Pior foi não encontrar os cadáveres, diz coordenador da Comissão da Verdade

Felipe Betim

Em Madri

  • Valter Campanato/Agência Brasil - 22.abr.2014

    Pedro Dallari é coodenador da CNV (Comissão Nacional da Verdade)

    Pedro Dallari é coodenador da CNV (Comissão Nacional da Verdade)

Investigar e documentar os abusos cometidos durante a ditadura militar brasileira (1964-1985) é o principal objetivo do advogado Pedro Dallari (nascido em São Paulo em 1959), coordenador da Comissão Nacional da Verdade, criada em 2012. Dallari esteve em Madri esta semana para participar de uma conferência na Casa América sobre as eleições no Brasil.

Ele afirma que o desafio da comissão, cujo mandado expira em dezembro, quando deverá entregar um relatório final, é "dialogar com os militares para que reconheçam os abusos cometidos". Uma comissão anterior calculou em 475 os mortos e desaparecidos, embora seja um número provisório.

El País - Quais são os objetivos da comissão?

Pedro Dallari - Verificar as violações dos direitos humanos durante a ditadura. E identificar as circunstâncias, os autores e os lugares. Mas não tem capacidade jurídica, isto é, não imputa, não julga nem condena ninguém. Verificamos fatos, não questionamos a Lei de Anistia. Esse papel é da Justiça e do Ministério Público.

El País - Então para que serve, na prática?

Dallari - Tem três fins: a busca da verdade, a promoção da memória e a reconciliação. A verdade é um valor em si mesmo. Mas a CNV só trabalha sobre fatos, memória. Cerca de 80 milhões de brasileiros nasceram depois do fim da ditadura [1985]; 80% depois do golpe de 1964. Portanto, não há uma memória fresca. Hoje estamos na fase da reconciliação, trata-se de dialogar com os militares para que reconheçam os abusos.

El País - Por que se demorou tanto para criar a comissão?

Dallari - Brasil tem uma tradição política desde a independência: as transições ocorrem de maneira lenta e gradual. Na maioria das vezes, sem rupturas.

El País - Muitos a acusam de querer contar só um lado da história.
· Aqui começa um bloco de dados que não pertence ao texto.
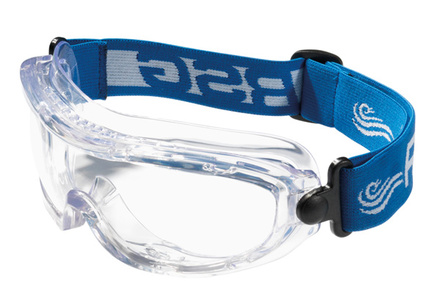 Skyddsglasögon RSG T-iLine Vision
Dallari - Temos uma missão: verificar os abusos contra os direitos humanos por parte do Estado. Os líderes contestadores não tiveram um processo legal, foram torturados e executados. O fato de haver menos mortos do que em outras ditaduras é porque o sistema repressivo era mais seletivo, mais científico. Não se trata de um ranking.

El País - Quais são suas principais conquistas?

Dallari - Provar que os graves abusos foram resultado de uma política de Estado. Não casos concretos, como argumentam os militares. Por isso apresentam uma resistência muito forte.

El País - Como foi a relação com eles?

Dallari - Formalmente colaboram e não os pressionamos. Mas a lei obriga a elaborar um relatório final com fatos e recomendações. Por exemplo, o ensino nas academias militares é o mesmo que na ditadura. Tivemos muitas dificuldades. Ainda há muita tortura!

El País - Trata-se também de fazer uma reflexão atual?

Dallari - É claro! O que foi o caso Amarildo [de 2013]? Era um trabalhador que foi detido pela Polícia Militar do Rio de Janeiro em uma favela, levado a uma delegacia, brutalmente torturado e executado, e cujo cadáver desapareceu. É como o caso Rubens Paiva [de 1971].

El País - Qual é a principal frustração da CNV?

Dallari - Não pudemos encontrar os cadáveres desaparecidos. Nem ter acesso a certos documentos. Os militares argumentam que os papéis foram queimados ou perdidos. Não acreditamos nisso.